Ünlü tiyatro yazarı ve gazeteci Necati Cumalı'nın tanımlamasında gazeteci,

"Uyanık olduğu her vakti mesleğine vakfeden kişi" olarak ifade edilmiştir..

Elbette bunları, "memur' zihniyetinde yani belirli saatler arasında 'vakit dolsun da gidelim' mantığıyla çalışan, canı istediğinde gazetecilik yapan, heyecanını yitirmiş ve bazı kurumlara bağladıkları hortumlarla malı götürerek zenginleşmiş "çakma" tipler için söylemiyorum...

Çünkü, onların derdi gazetecilik değil "para"dır...

Yüreğini bu mesleğe adayan, çalışkan, mert ve olumsuz şartlarda bile işini hakkaniyet içinde yapan arkadaşlara sözüm yok!...

Zaman zaman onlarla da gazetecilik ahlakı içinde tartışmam olmuştur ama ortak değerlere saygısızlık asla olmamıştır…

"İzine çıkacağım" diyecektim, lafı nereye getirdim bak!..

Dert bir değil ki!..

Her gün onlarca değişik olaya muhatap olmanın yaşattığı "ruhsal medcezirler" en çok da duyarlı insanları hırpalıyor elbette...

Çünkü, 'kuyumcu terazisi"nin hassasiyeti içinde bir sorumluluk duygusunu yaşamak zordur!..

Hakim ve savcı için de, polis için de, doktor için de, bu böyledir…

"Kasıtlı" olmak başka, "yanlışlık" başkadır...

Birinde planlama vardır; Diğeri, adı üstünde yanlışlıktır…

Teknik nedenler, dikkatsizlik ve doğrulatılmayan bilgilerle oluşturulan haber ya da fotoğraflar, baskıdan sonra adeta yaydan çıkmış bir ok gibidir...

Haberde ya da fotoğraftaki yanlışlığın kişiler üzerinde açtığı "manevi yara", bütün iyi niyetlerle tedavi edilmeyi çalışılsa da sonuçta iz bırakıyor…
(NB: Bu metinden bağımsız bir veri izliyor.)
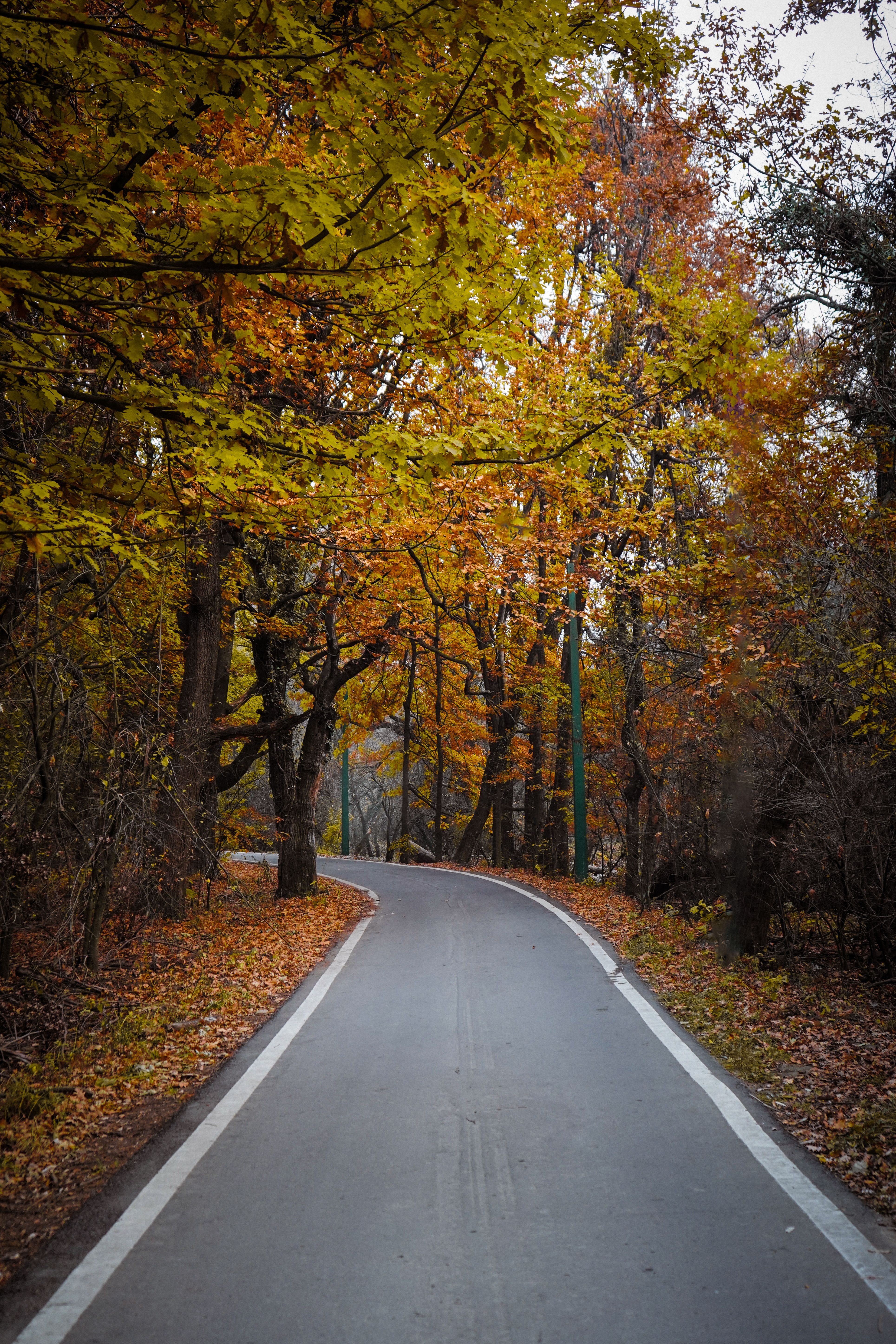Serene Autumn Pathway Through Colorful Forest · Free Stock Photo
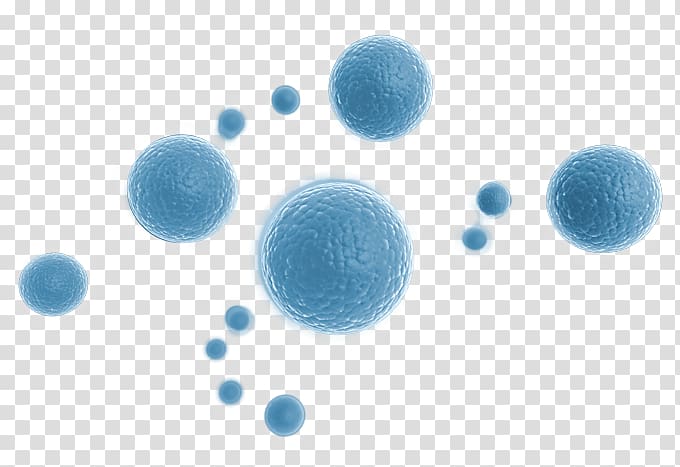 Stem cell controversy Stem-cell therapy Induced pluripotent stem cell, stem cell transparent background PNG clipart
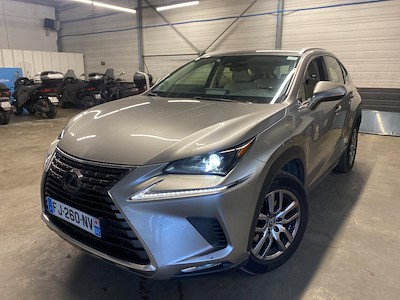 Lexus NX NX 300h 2WD Pack Business MM19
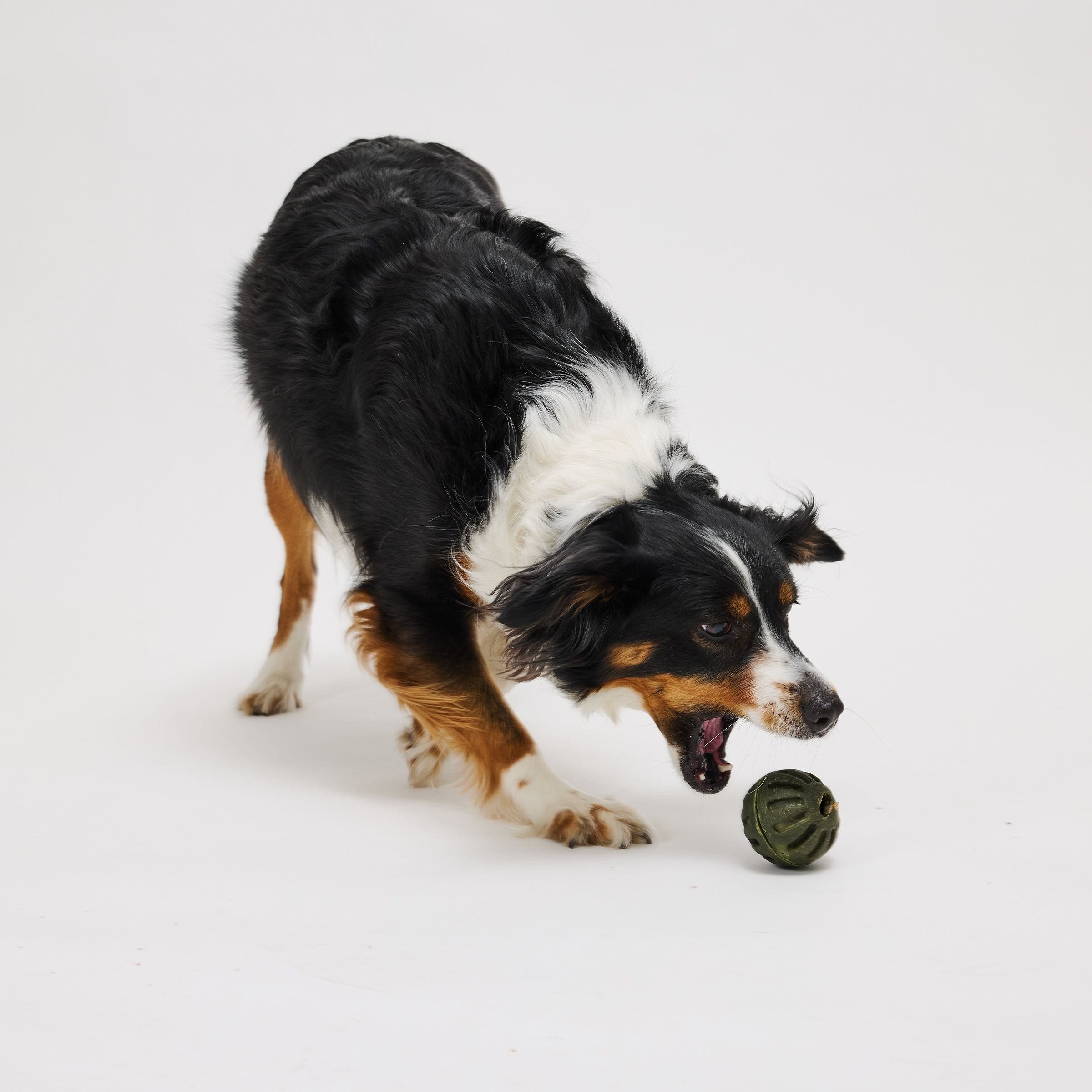 Ark Naturals Brushless Toothpaste Play! Mint Adult Dental Dog Treats, 4-oz box, 1 count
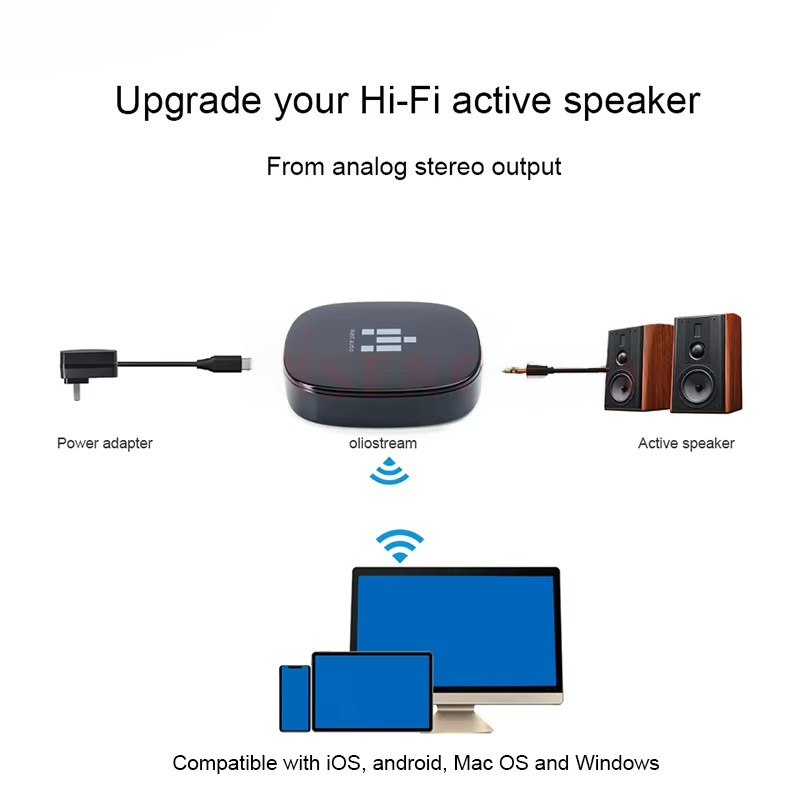 IEAST olio For DLNA Airplay 2  - Audio Music Spotify review and price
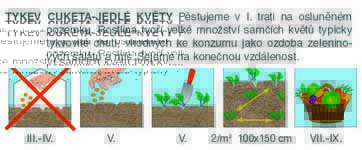 Cuketa jedlé květy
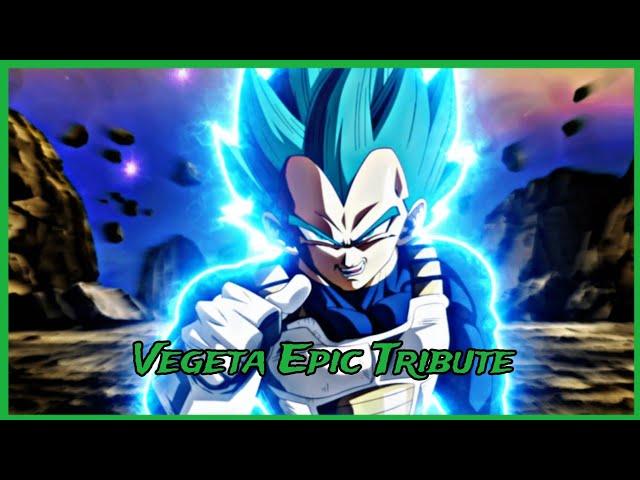 Vegeta Epic Tribute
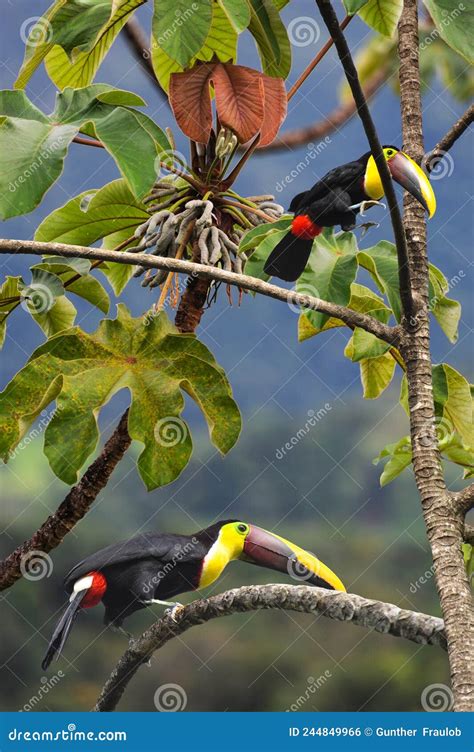 Two Chestnut Mandibled Toucans Jumping From Tree To Tree To Eat Fruits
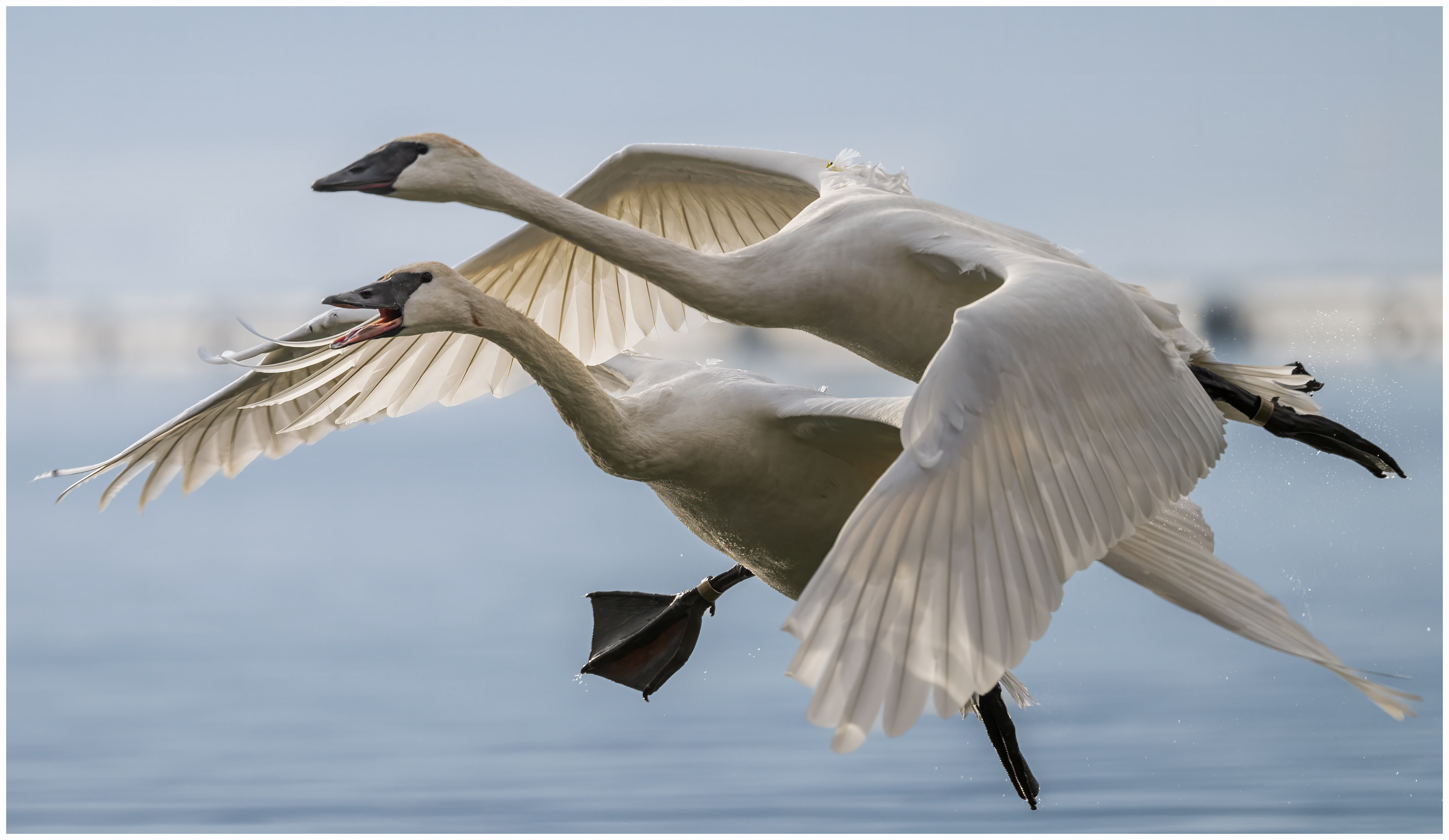 Trumpeter Swans - LaSalle Park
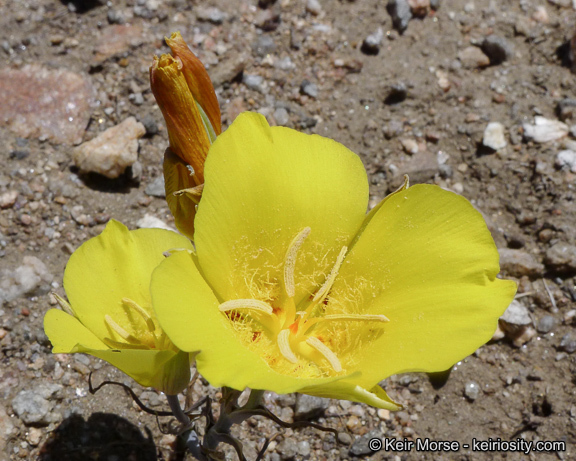 Image of goldenbowl mariposa lily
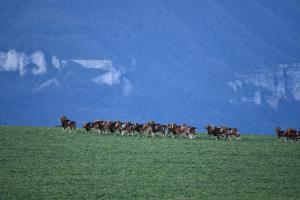 Gîte Domaine du Théron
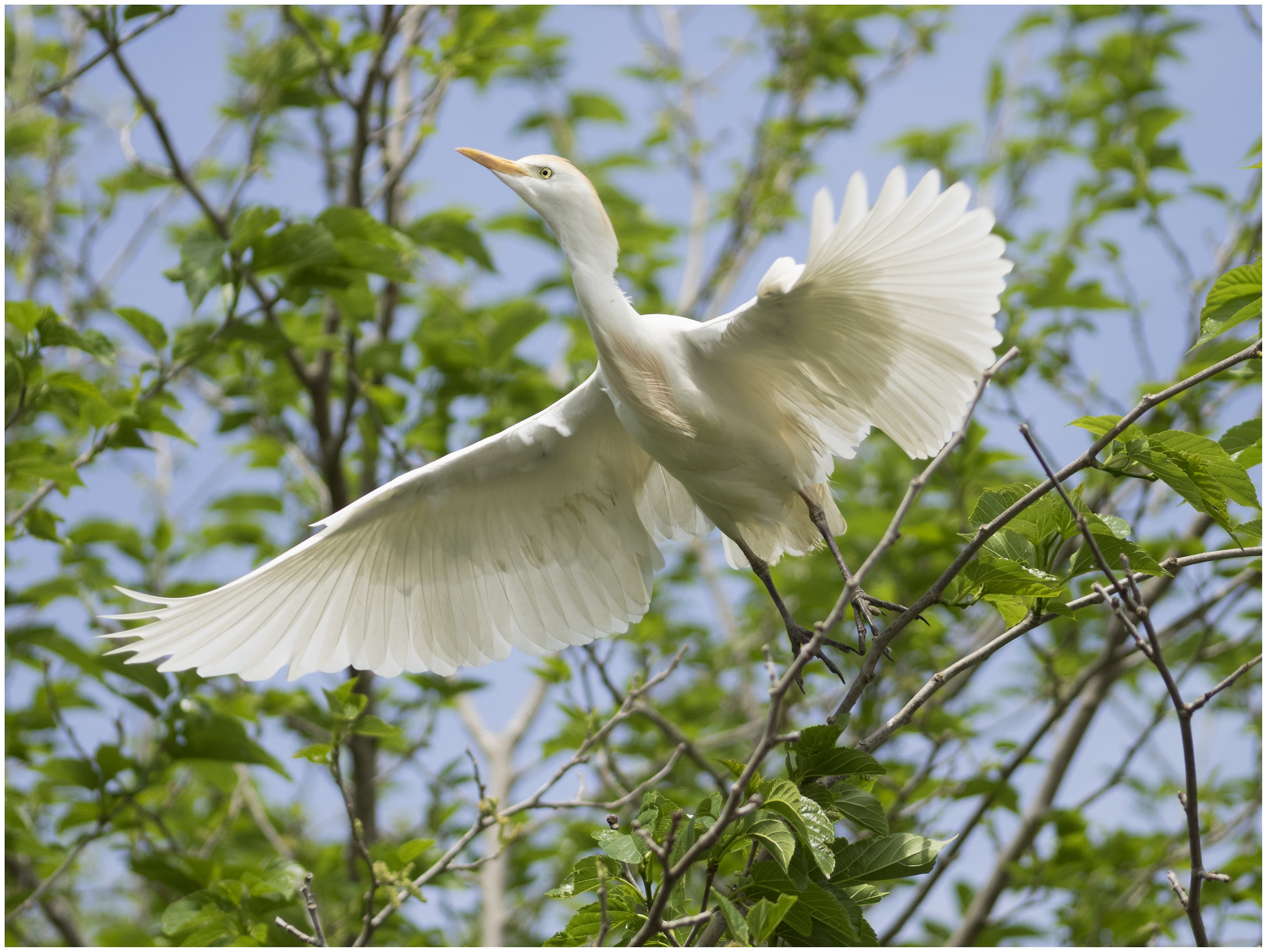 egret in flight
O yüzden daha çok özen göstermek ve "kılı kırk yarmak" düşüncesi içinde ortaya çıkan "yüksek empati" duygusunun yarattığı ruhsal fırtınaları atlatmak için iyi niyet her zaman yeterli olmuyor işte!..

Ancak, gerçekleri ortaya çıkaran doğruların, gözle görünmeyen gizli orduları vardır hep!..

Gerçekler gün gelip ortaya çıkıyor ama bu hayat, metalleri bile yoruyor..

Çok uzattım galiba...

Sağlıklı kalabilmek ve sağlıklı kararlar alabilmek için dinlenmek gerek!..

Yeniden buluşmak umuduyla izninizi istiyor ve sizleri Allah'a emanet ediyorum...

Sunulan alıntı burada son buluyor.